# What you will do:
In the records below, find the lines that include the string "against" and report how many there are, nothing else.

# Records provided:
════════

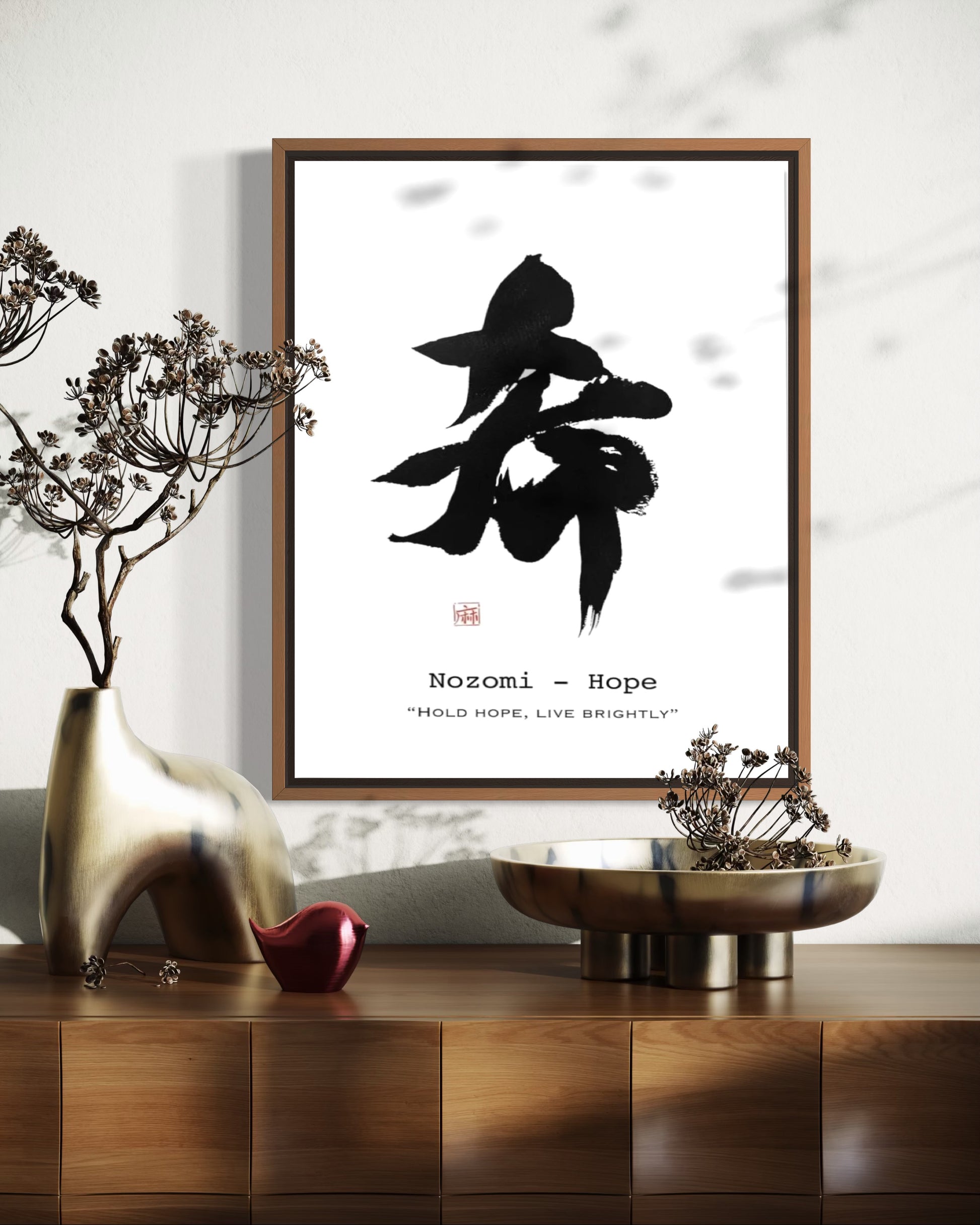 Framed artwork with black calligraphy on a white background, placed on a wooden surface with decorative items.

════════

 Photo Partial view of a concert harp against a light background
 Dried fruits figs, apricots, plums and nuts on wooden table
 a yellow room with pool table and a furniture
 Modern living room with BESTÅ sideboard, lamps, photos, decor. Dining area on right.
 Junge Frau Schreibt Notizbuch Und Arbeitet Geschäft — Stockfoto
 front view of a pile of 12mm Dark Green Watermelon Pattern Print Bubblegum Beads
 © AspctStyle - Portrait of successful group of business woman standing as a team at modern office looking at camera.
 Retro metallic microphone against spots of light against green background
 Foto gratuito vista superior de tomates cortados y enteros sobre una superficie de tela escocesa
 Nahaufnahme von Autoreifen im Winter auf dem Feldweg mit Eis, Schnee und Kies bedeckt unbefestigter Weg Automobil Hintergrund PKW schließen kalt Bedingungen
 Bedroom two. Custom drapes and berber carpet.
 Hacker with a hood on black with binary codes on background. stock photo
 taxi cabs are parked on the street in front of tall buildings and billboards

════════

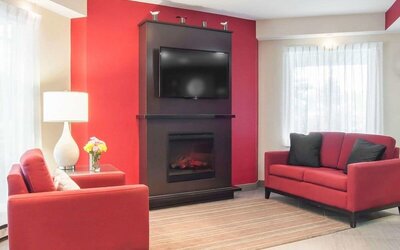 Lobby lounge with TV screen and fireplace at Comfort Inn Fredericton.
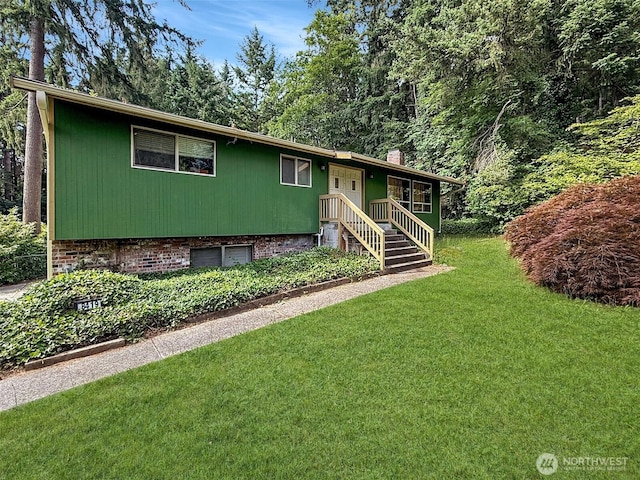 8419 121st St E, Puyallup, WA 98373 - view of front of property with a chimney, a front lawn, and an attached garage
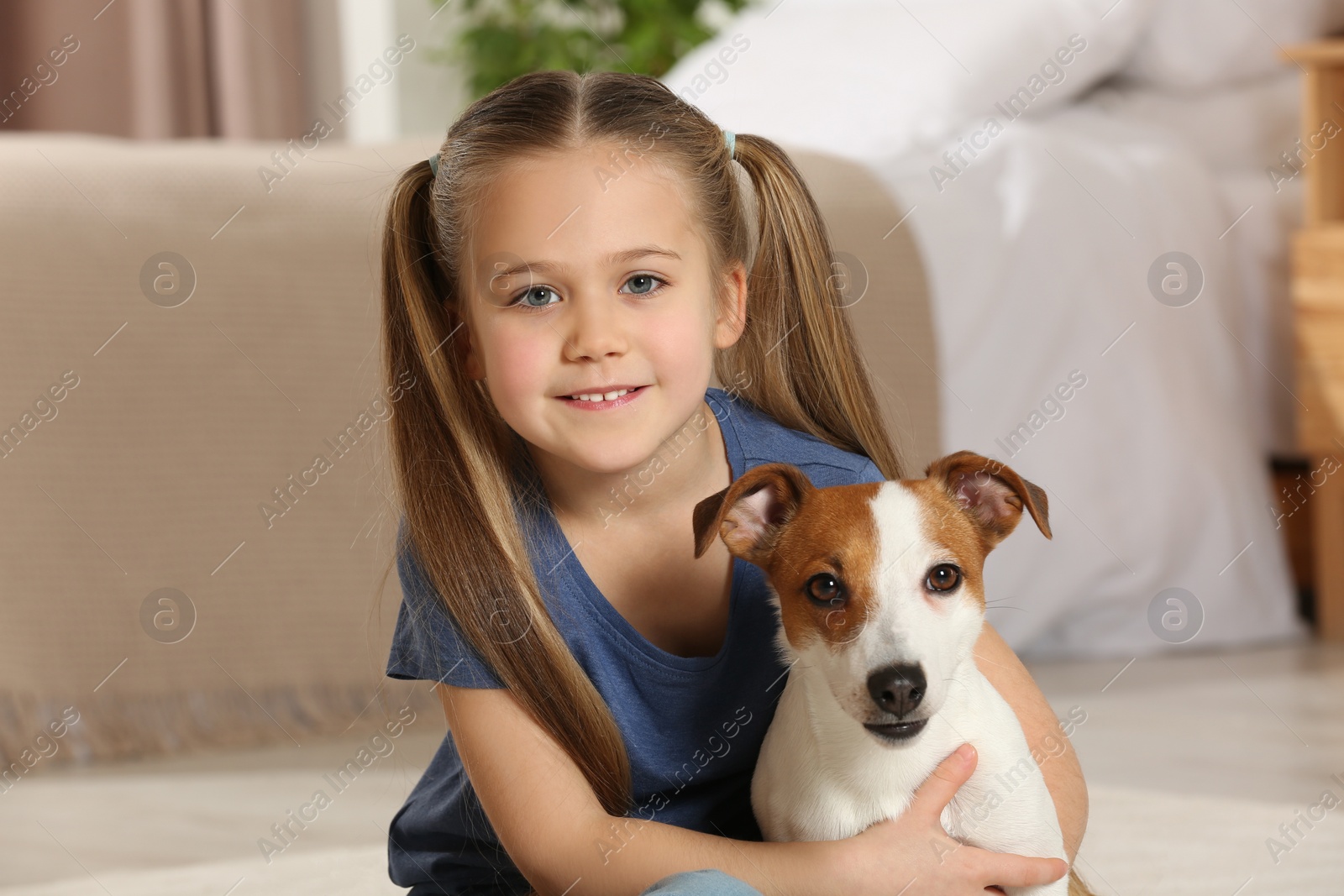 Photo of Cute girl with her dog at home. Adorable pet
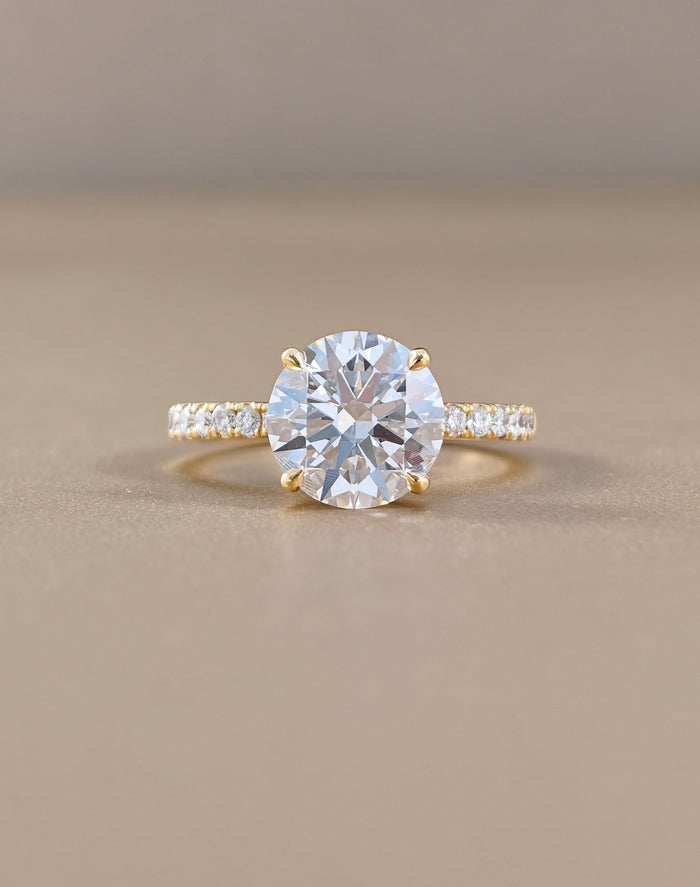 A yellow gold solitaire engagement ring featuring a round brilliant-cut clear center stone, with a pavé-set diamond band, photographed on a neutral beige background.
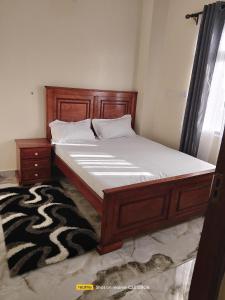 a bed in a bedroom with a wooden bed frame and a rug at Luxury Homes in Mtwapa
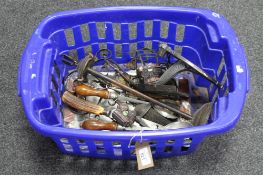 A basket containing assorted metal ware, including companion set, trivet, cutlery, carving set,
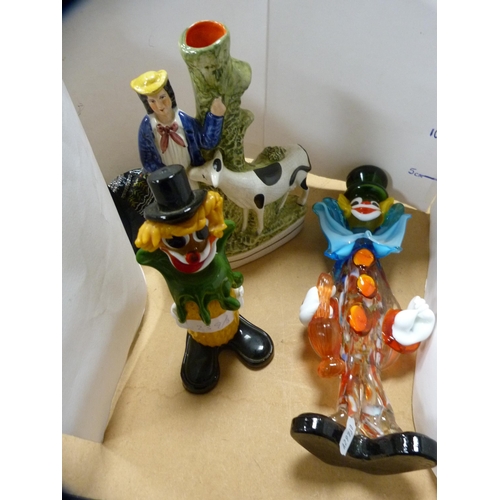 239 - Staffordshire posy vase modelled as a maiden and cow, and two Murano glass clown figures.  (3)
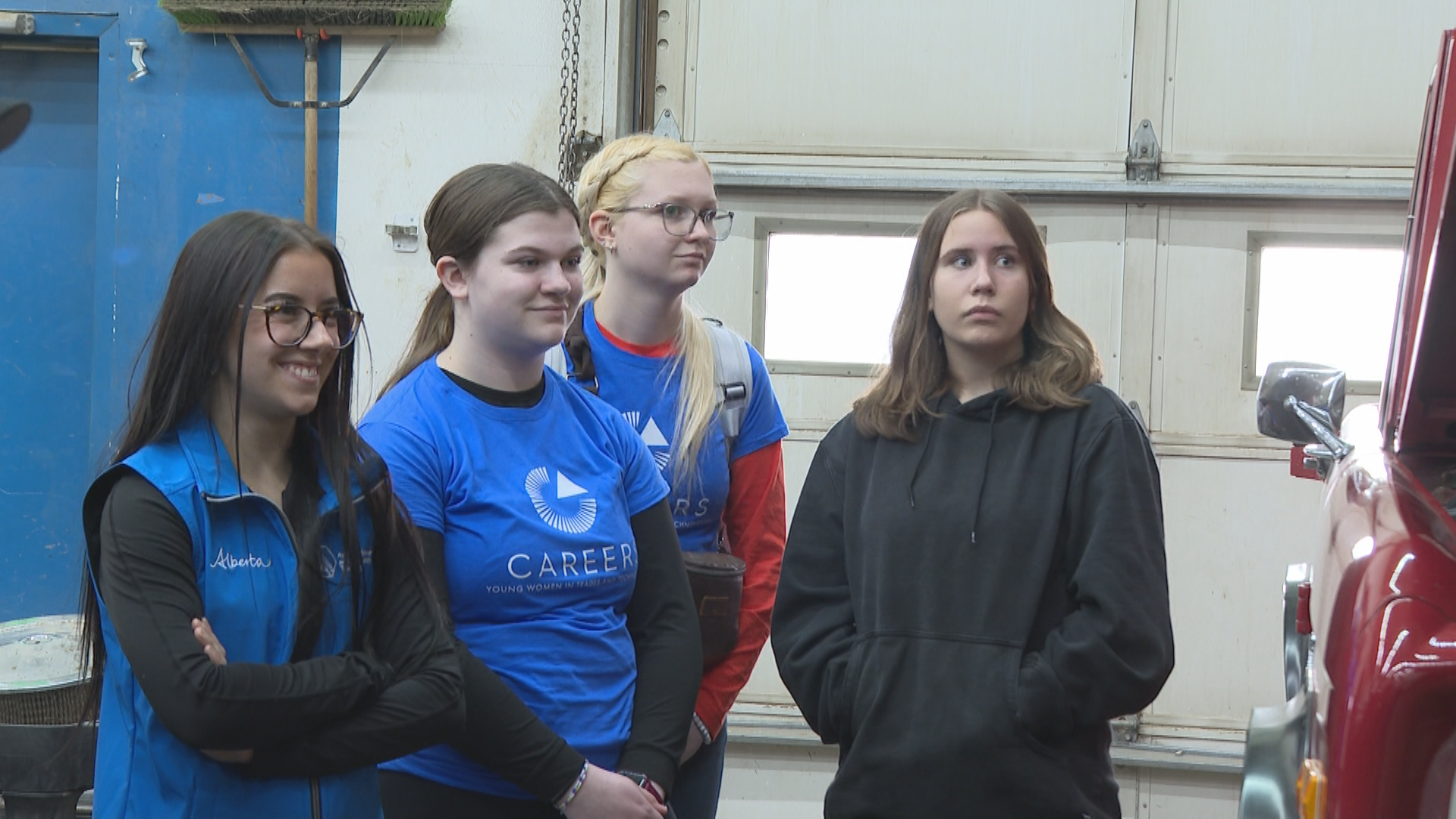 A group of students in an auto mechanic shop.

════════

# Solved problem:
2